"It seems painfully obvious to note that novels are composed one word at a time. Yet very few works of literary theory or criticism explore how words actually work in a literary context, how (some) writers effectively employ and deploy words (and the syllables that comprise them) to achieve stylistic effects that can heighten, distract from, make memorable, enliven, or deepen the experience of reading. Distinct from plot, theme, or character, the ways of the word are multiple, deviant, and convergent by turns, and in this book, Garrett Stewart charts some of these ways across dozens of works by authors classic to contemporary, in poetry as well as prose."--
In The Ways of the Word, Garrett Stewart steps aside from theory to focus on the sheer pleasure of attentive reading and the excitement of recognizing the play of syllables and words upon which the best literary writing is founded. Emerging out of teaching creative writing and a broader effort to convene writers and critics, Stewart's "episodes in verbal attention" track the means to meaning through the byways of literary wording.

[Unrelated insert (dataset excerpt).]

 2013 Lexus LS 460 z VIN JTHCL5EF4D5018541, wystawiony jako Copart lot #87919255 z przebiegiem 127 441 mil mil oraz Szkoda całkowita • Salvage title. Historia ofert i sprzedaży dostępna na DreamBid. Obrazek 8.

Through close engagement with literary passages and poetic instances whose imaginative demands are their own reward, Stewart gathers exhibits from dozens of authors: from Dickinson, Dickens, and DeLillo to Whitman, Woolf, and Colson Whitehead. In the process, idiom, tense, etymology, and other elements of expressive language and its phonetic wordplay are estranged and heard anew. The Ways of the Word fluidly and intuitively reveals a verbal alchemy that is as riveting as it is elusive and mysterious.